The reconstruction project of an apartment building in Aydın's Efeler district was halted after the discovery of ancient burial chambers during excavations for the building's foundation, leaving homeowners seeking an immediate solution regarding the ancient site, reports said Thursday.
Residents sold the land of their old buildings to contractors in exchange for ownership of a new unit in the new apartment, Doğan News Agency (DHA) reported. The residents left their homes and contractors demolished the apartment, to build a new one, but had to stop their work after finding ancient graves during excavations.
The Aydın Museum Directorate immediately ordered the suspension of construction work at the site after finding out about the burial chambers, DHA said.
Victimized by the delay, contractors and residents of Veysipaşa neighborhood seek a solution and have reportedly submitted a petition regarding the matter.
On Aug. 7, Veysipaşa neighborhood local headman Murat Aksoy submitted a petition for the issue to be brought before the Aydın Museum Directorate.
In the petition, Aksoy listed the neighborhood grievances and said that the months-long delay is becoming a critical issue for residents as winter approaches. He also noted that rain water is accumulating in the building's foundation, causing structural damage that threatens the structural integrity of the building.
In neighborhoods like Veysipaşa, contractors have reportedly begun declining construction requests in fear of similar obstructions.
To bring justice to both residents and contractors, the construction project must either be canceled or allowed to continue, Aksoy said in the petition.
The discovery of the tomb is not the first to halt construction in the neighborhood.
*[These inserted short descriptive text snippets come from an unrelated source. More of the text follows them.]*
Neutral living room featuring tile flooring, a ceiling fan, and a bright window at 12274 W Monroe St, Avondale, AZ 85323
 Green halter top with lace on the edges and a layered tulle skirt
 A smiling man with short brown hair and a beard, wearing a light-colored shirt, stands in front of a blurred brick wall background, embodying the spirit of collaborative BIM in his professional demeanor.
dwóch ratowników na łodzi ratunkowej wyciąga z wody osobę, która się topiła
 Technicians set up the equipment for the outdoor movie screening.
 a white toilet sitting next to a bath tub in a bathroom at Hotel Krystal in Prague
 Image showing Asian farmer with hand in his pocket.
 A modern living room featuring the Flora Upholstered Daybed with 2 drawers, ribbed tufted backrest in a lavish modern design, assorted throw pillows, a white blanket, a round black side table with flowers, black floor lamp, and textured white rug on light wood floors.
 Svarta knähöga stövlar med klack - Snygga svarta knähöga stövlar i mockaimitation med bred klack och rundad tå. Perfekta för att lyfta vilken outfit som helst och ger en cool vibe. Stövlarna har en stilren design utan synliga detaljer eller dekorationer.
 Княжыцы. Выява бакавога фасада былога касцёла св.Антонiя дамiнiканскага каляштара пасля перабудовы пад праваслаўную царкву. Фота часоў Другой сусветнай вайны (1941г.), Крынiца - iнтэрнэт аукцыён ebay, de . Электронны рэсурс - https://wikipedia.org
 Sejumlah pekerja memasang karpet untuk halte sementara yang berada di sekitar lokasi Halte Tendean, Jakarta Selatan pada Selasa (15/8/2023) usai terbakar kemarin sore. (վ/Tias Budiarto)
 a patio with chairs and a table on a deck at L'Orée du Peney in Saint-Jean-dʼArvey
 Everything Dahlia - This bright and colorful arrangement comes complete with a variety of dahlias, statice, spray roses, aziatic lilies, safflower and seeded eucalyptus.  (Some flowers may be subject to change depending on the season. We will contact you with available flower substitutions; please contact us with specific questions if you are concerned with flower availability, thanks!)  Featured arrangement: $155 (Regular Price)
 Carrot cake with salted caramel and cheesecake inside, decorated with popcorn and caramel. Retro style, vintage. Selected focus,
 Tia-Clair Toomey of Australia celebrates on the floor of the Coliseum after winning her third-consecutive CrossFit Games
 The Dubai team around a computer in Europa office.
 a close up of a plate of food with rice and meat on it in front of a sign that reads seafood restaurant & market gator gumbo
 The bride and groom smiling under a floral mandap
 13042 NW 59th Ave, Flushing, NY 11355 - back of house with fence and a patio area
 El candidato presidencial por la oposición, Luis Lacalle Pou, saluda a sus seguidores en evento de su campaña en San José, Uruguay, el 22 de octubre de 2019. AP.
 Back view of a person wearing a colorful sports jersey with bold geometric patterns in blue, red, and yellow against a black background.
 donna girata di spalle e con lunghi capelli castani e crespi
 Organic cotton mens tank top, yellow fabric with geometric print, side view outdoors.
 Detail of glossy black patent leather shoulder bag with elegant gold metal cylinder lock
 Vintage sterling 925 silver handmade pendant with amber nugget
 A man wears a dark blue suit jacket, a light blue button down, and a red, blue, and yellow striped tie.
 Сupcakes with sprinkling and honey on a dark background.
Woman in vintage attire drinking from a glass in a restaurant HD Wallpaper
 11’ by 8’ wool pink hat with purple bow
A similar interruption occurred July 10 of this year when the uncovering of a tomb halted another apartment's construction. Most recently, on Aug. 16, a State Hydraulic Works (DSI) project stalled after an archeological discovery.
Veysipaşa is one of the oldest areas in the Efeler District, with a wealth of archeological resources below its streets and homes.
Local residents and contractors, however, feel the reoccurring problem demands a solution.